Problem details: For this exercise, repeat exactly the lines below starting at the line holding "At OriginalWheels we" and ending at the line holding "I work with", both included, with no extra lines and no pictures.

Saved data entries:
- Opening Delimiter -

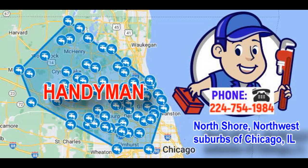With multiple locations throughout the North Shore and Northwest suburbs of Chicago, Illinois, Emergency Plumbing offers prompt and professional handyman services. Phone: 224-754-1984.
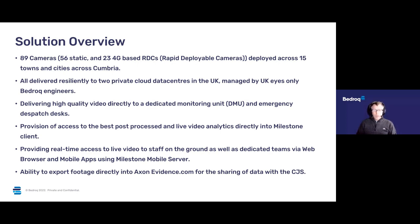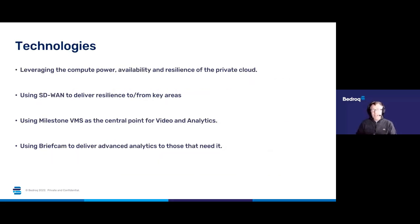We're also working with them on the ability to export footage directly out into axonevidence.com — that'll be built straight into Milestone for them. In terms of the technologies behind that, we're going to be leveraging the compute power, availability, and resilience of the private cloud. We're going to be using SD-WAN to help deliver resilience to and from key areas, which is going to be quite a big game changer. We're going to be using Milestone's VMS as that central point for video and analytics for delivery to the CJS, and then using BriefCam to deliver advanced analytics to the people who really need it.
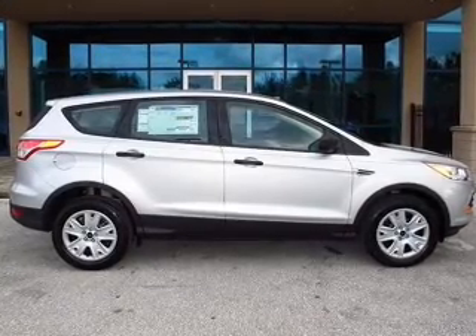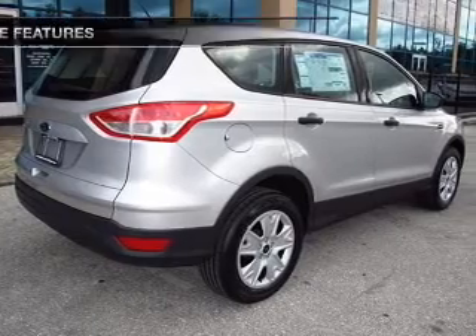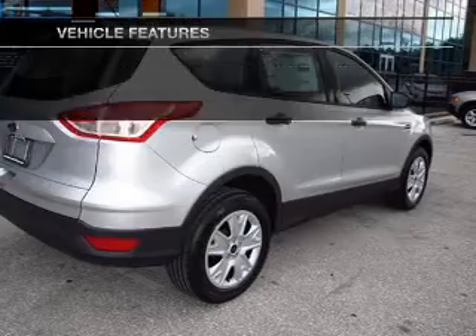Premium wheels lend a distinctive appearance. Anti-lock brakes help you bring your vehicle to a safe stop. And with these notable features, you won't want to miss out on the opportunity to own this amazing ride.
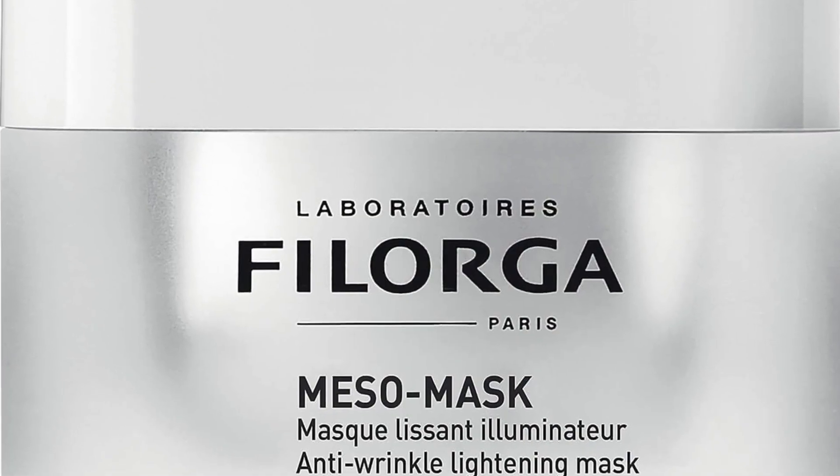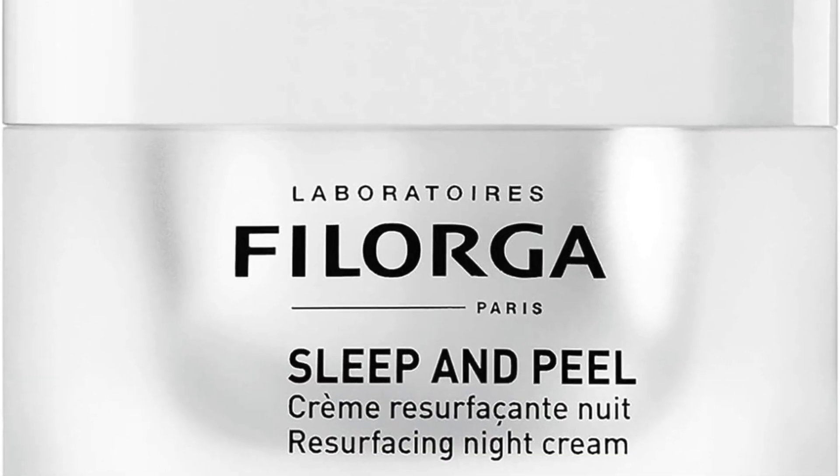The next thing is Filorga's Meso Mask, which I received a sample of in a Look Fantastic beauty box. I didn't love it — it didn't wow me. You get 30ml in the advent calendar; full size is 50ml retailing at £44. Beauty Expert has valued the 30ml at £33. It is a very creamy, moisturizing, and hydrating mask, but unfortunately it contains mineral oil, which is very bad for my skin and caused breakouts for me a couple of weeks ago.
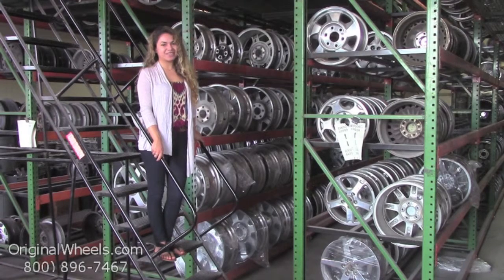At OriginalWheels we offer 100% customer satisfaction guarantees. We're not satisfied until you are. We have a live sales team waiting to assist you during normal business hours to answer any questions that you may have.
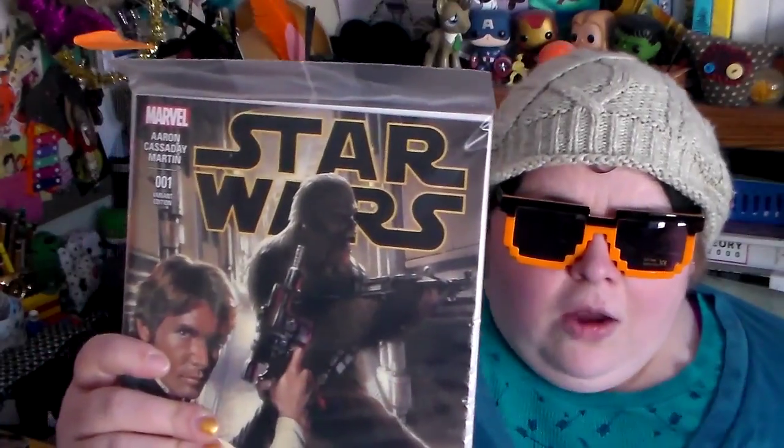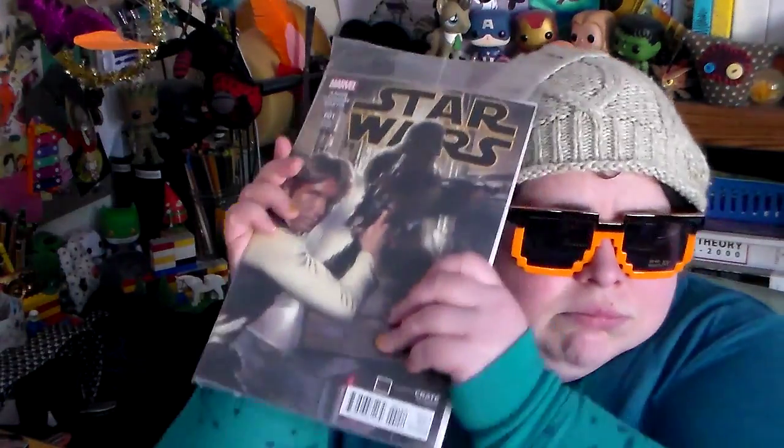And the first issue of the new Star Wars comic — which is funny because I've already bought and read this comic via ComiXology, but a physical copy is always good too. So that was loot crate Rewind and I am very pleased.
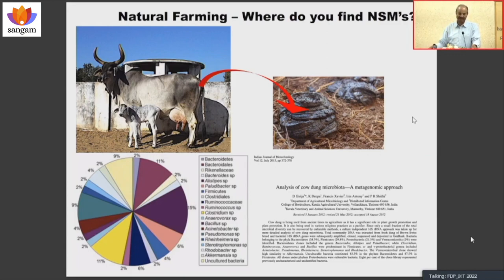I work with 2.2 million farmers — 22 lakh farmers — across the country. They practice this, and they are practicing it sustainably. What they produce is nutrition, not poison.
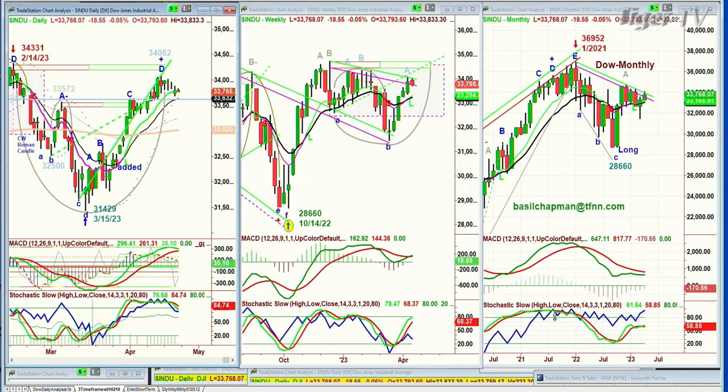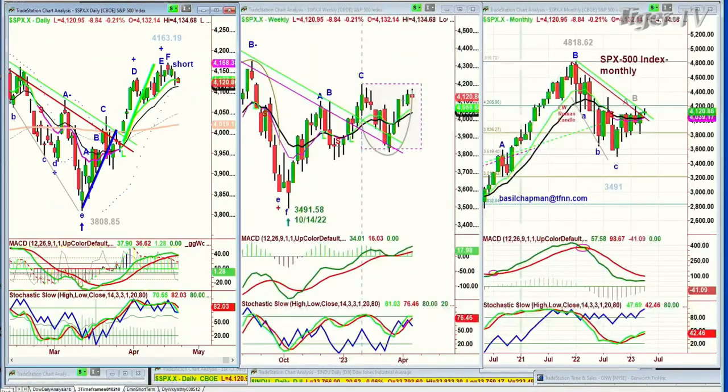Looking at the S&P, which also tried to rally earlier, it's now down 8 at 4,120. It made a peak four days ago using the Chubway methodology. I'm looking at the 4,086 area — below that says we're going to have more of a pullback. Meanwhile, the resistance is just a little bit above, and there's a lot of resistance.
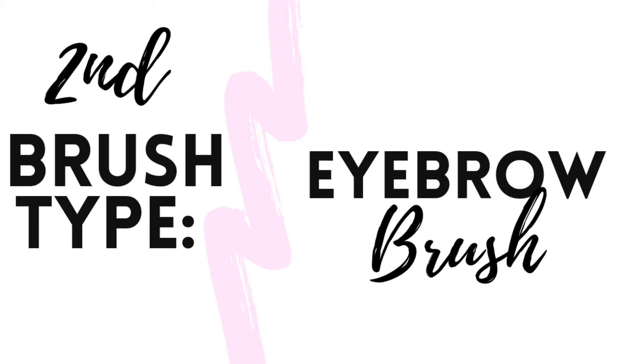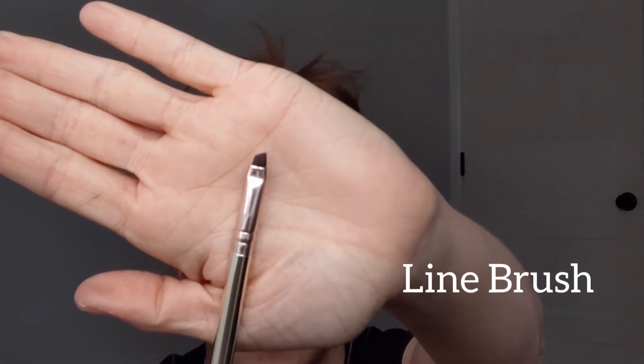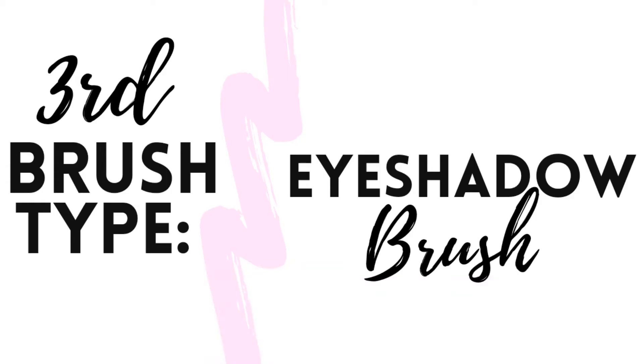The second brush you want in your life is the eyebrow brush. This brush has a very tapered, dense, and kind of pointed end — you want it sharp so you can create good lines on your eyebrows. This one is double-sided so you get a spoolie on the end. If you just need a tiny bit of fill and mostly stick to brow gel, this is going to be the perfect brush for you.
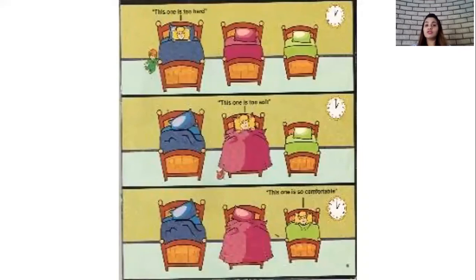Then Goldilocks moved to the bedroom of the three bears and there were three beds. How many beds children? Three beds. She tried sleeping on the first bed and she said this one is too hard. Then she tried sleeping on the second bed and she said this one is too soft. Then she tried sleeping on the third bed and she said this bed is just comfortable. It's perfect.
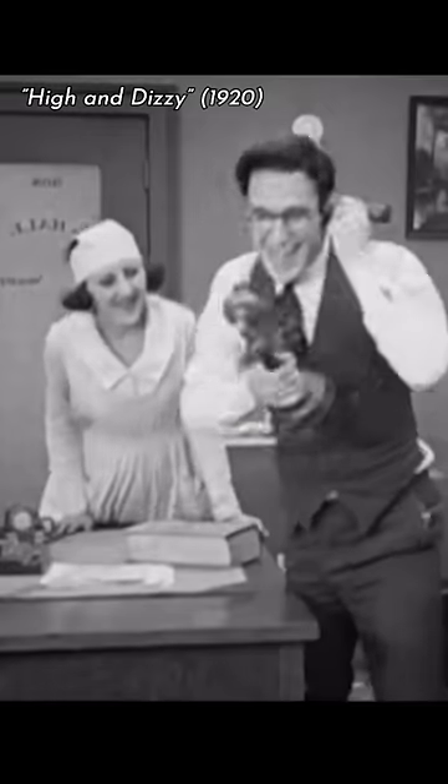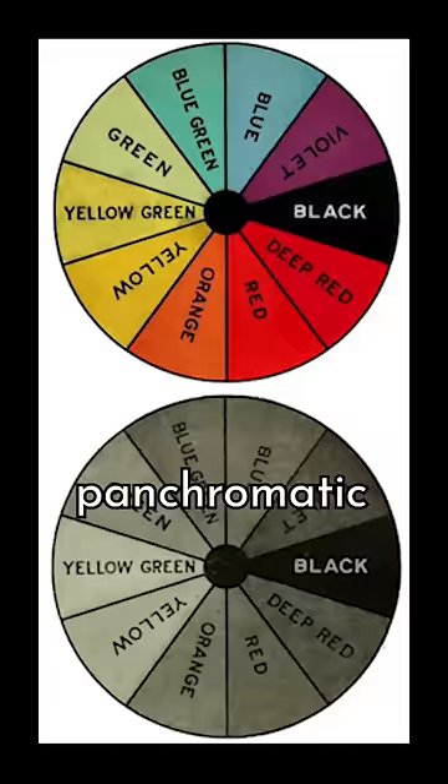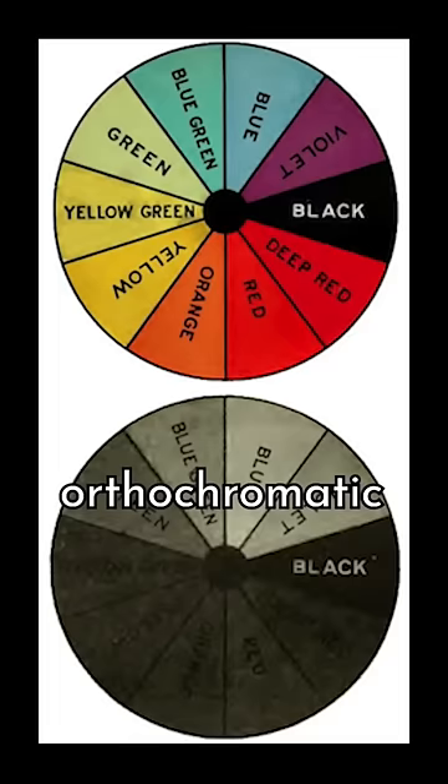Throughout the 1910s and 20s, the black and white film stock used in movies was generally blue-sensitive, or orthochromatic film. And unlike the later panchromatic film, it had a hard time translating a full spectrum of colors into different shades of gray.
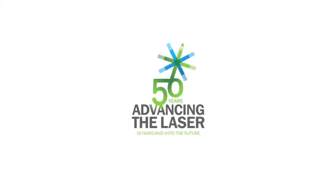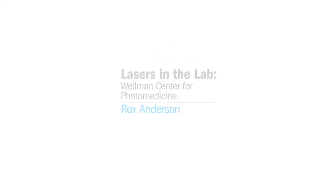SPIE presents the Advancing the Laser series, honoring 50 years of laser achievements. I'm Rox Anderson. I'm a professor at Harvard Medical School and I run the Wellman Center for Photomedicine, which is the largest lab in the world dedicated to using light for diagnosis and treatment of people.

- Closing Delimiter -

Answer to this exercise:
At OriginalWheels we offer 100% customer satisfaction guarantees. We're not satisfied until you are. We have a live sales team waiting to assist you during normal business hours to answer any questions that you may have.
And the first issue of the new Star Wars comic — which is funny because I've already bought and read this comic via ComiXology, but a physical copy is always good too. So that was loot crate Rewind and I am very pleased.
I work with 2.2 million farmers — 22 lakh farmers — across the country. They practice this, and they are practicing it sustainably. What they produce is nutrition, not poison.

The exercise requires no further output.